The Slava is a complex of ritual and social practices celebrating a saint that is believed to be a family’s patron and a giver of prosperity. The celebration of the family patron saint (Slava) is practiced by most Orthodox Christian families throughout the Republic of Serbia as an important family holiday involving individual families and their guests – members of the extended family, neighbors, friends, and local community members.
The celebration of the patron saint consists of the ritual offering of a bloodless sacrifice and a feast held for relatives, neighbors, and friends. The elements of a bloodless sacrifice are bread, wine, and wheat (symbols of Christ’s body and blood, fertility and prosperity). During the ritual on the day of the Slava, a specially designed candle is lit in the family home where the Lord’s Prayer is read and the cutting of the Slava cake (with the obligatory symbol IS HS NI KA) is performed by pouring wine over it, cutting it crosswise, then rotating it, and breaking it into four parts while lifting it up. During the ritual, thanks are given to the saint and prayers for prosperity are said. The ritual cake cutting is performed by the host with the oldest or the most important guest (“dolibasa”), the host’s heir, and other family members. The Slava feast begins with the ceremonial drinking of wine, eating of koliva and the Slava cake, giving a toast (“zdravica”), and expressing wishes for health, fertility, and well-being of the family and guests, and continues with a meal symbolizing prosperity. The Slava feast must include meat (suckling pig, lamb, or fish on the days of fasting) as a remnant of blood sacrifices. While preparing the feast, families in principle observe the Christian canon laws on fasting.

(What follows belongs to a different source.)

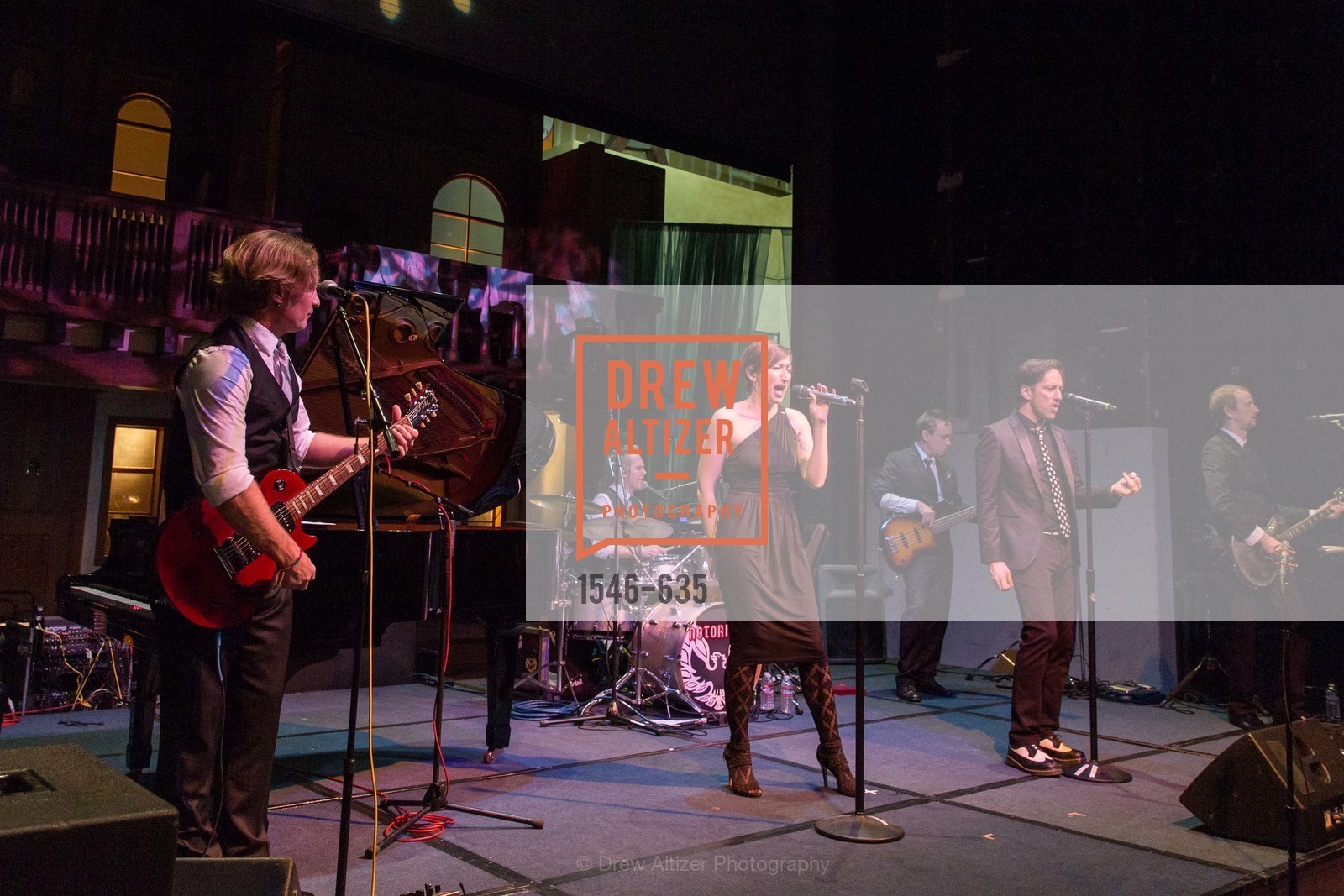 Performance, An Evening on the Stage Honoring Renaissance Man Gordon Getty, War Memorial Opera House. 301 Van Ness Ave, December 7th, 2015,Drew Altizer, Drew Altizer Photography, full-service agency, private events, San Francisco photographer, photographer california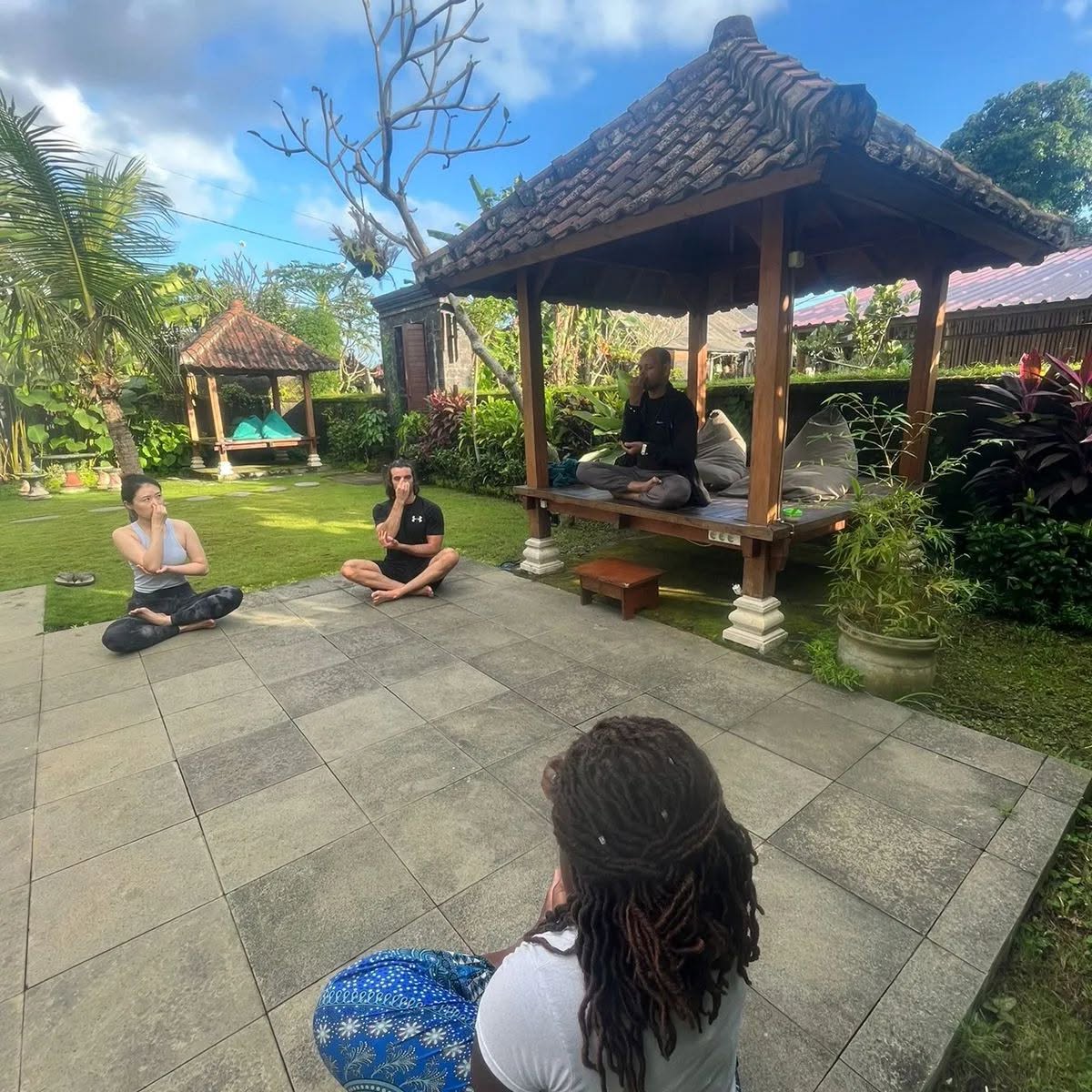 Bali Yoga Center, photo 3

Some families bring the Slava cake to the church where it is ritually cut with an Orthodox priest, or a priest comes to a family home to cut the cake on the day of the Slava
A special role is played by the host – the oldest male member of the family – who organizes the celebration of the patron saint, cuts the cake and breaks it with the other participants in the ritual; he first says a prayer for prosperity. An important role in the ritual is that of dolibasa with cuts the Slava cake with the host. For the past two decades, children have been more and more frequently playing roles of participants in the ritual cutting of the cake at the celebration of the family patron saint. An Orthodox priest has an equal role in the cake cutting ceremony in a large number of families, regardless of whether the cake cutting is performed in the church or at their family home.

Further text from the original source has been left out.